Now, in his first statement here, Dr. Luke gives us the great strategy by which the Lord works among mankind. He says,
In my former book...I wrote about all that Jesus began to do and to teach... The Gospel of Luke is the record of the incarnation of the Son of God. Jesus, the man, came to begin something,
to do and to teach, and the record of that beginning is in the Gospels. But, by clear implication, this second book is the continuation of what Jesus began to do. In a very real sense, Acts is not the acts of Christians, but the continuing acts of Jesus. It is an account of what Jesus continues to do and to teach. In the Gospels he did it in his physical body of flesh. In the book of Acts he is doing it through the bodies of men and women who are indwelt by his life. Thus, whether in the Gospels or in Acts, incarnation is the secret strategy by which God changes the world.
Whenever God wants to get a message across to men he does not simply send someone to announce it; his final way of driving it home is to dress the message in flesh and blood. He takes a life and aims it in a certain direction and, by the manifestation of his own life through the blood and flesh of a human being, he makes clear what he has to say. That is the strategy of the book of Acts. It is the record of incarnation; men and women, possessed by Jesus Christ, owned by him, and thus manifesting his life. That is the secret of authentic Christianity. Anytime you find a Christianity that is not doing that, it is false Christianity. No matter how much it may adapt the garb and language of Christianity, if it is not the activity of human beings possessed and indwelt by the life of Jesus Christ it is not authentic Christianity. That is the true power of the church, as we shall see in this book.

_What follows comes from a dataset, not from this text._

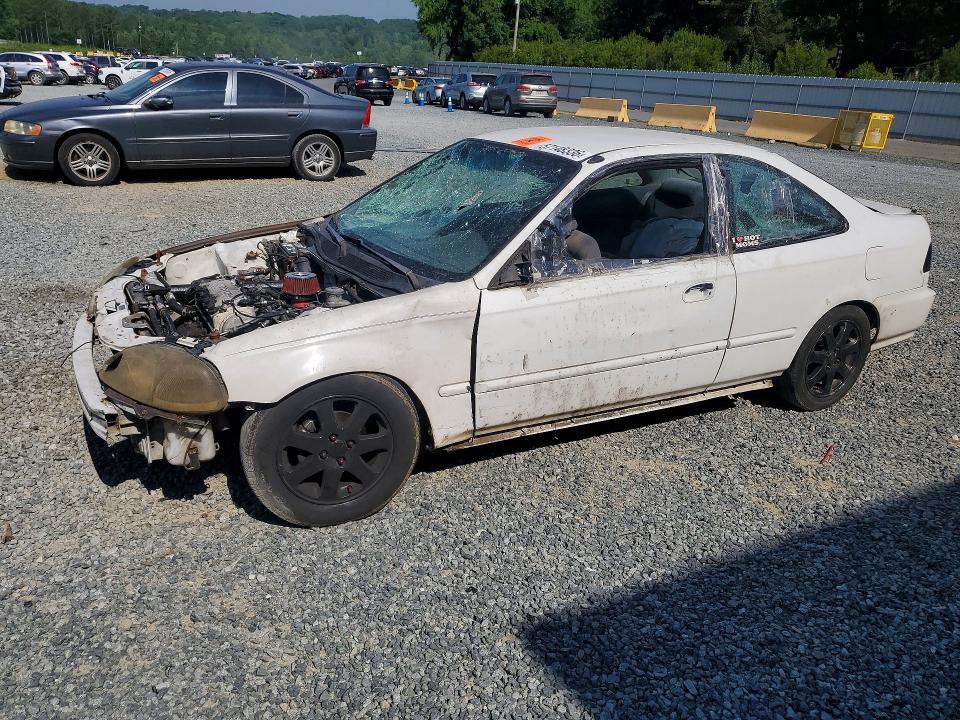 1996 HONDA CIVIC - Търг №57148336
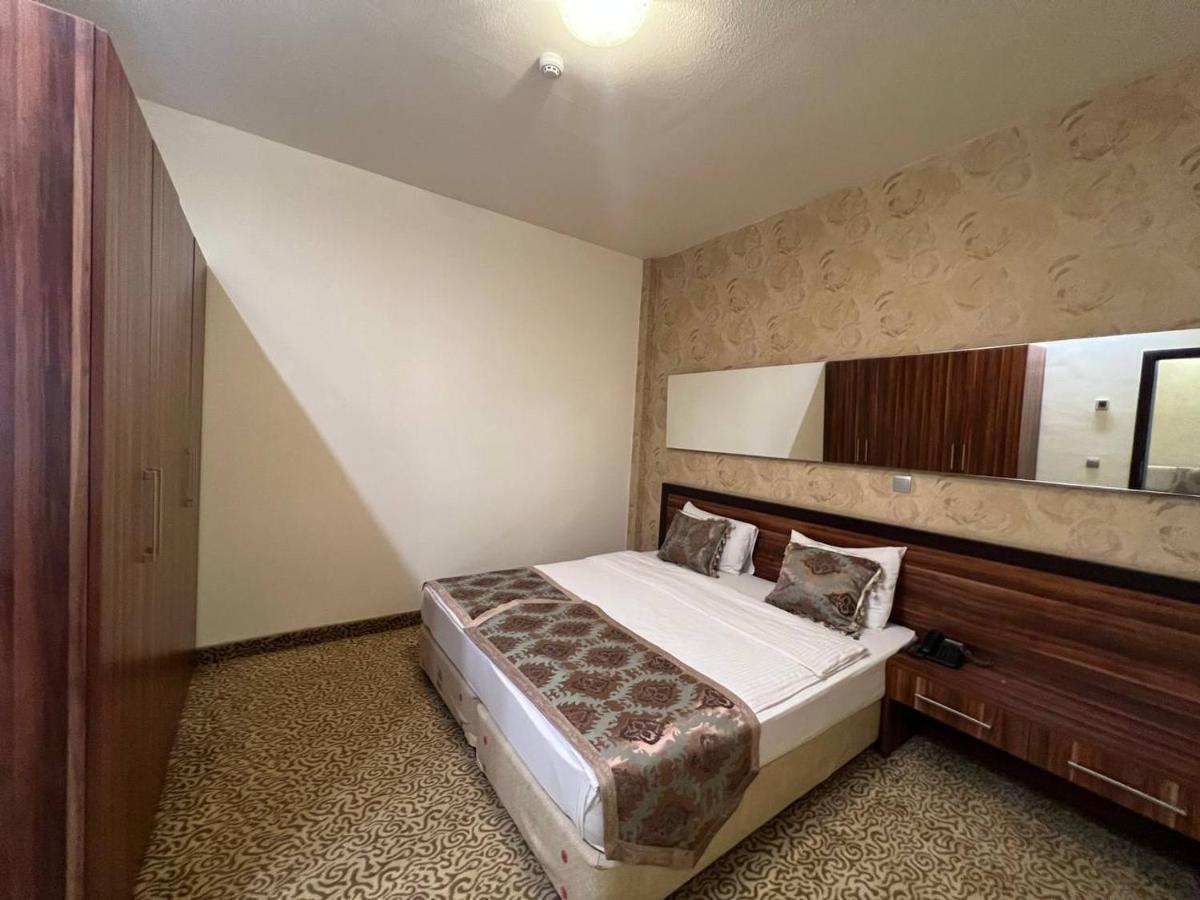 Jouhayna Hotel&Suite Erbil Exterior foto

The book of Acts therefore is an unfinished book. It has never been ended, but is still being written. The book abruptly closes with an account of Paul in the city of Rome, living in his own hired house. It just ends there as though you might turn over the next page and begin the next adventure. This book is Volume 1, and we are writing Volume 20 now. It may well be the last volume in the series. I hope so.
Father, thank you for this insight into the way by which you do your work. Forgive me for my blindness toward this plan, and my failure to take seriously these words. But thank you for the excitement that is mine as I rediscover this power in my own age.
In our fervor to adapt to cultural changes, have we neglected the fundamental principles both taught and empowered by the Lord of the Church?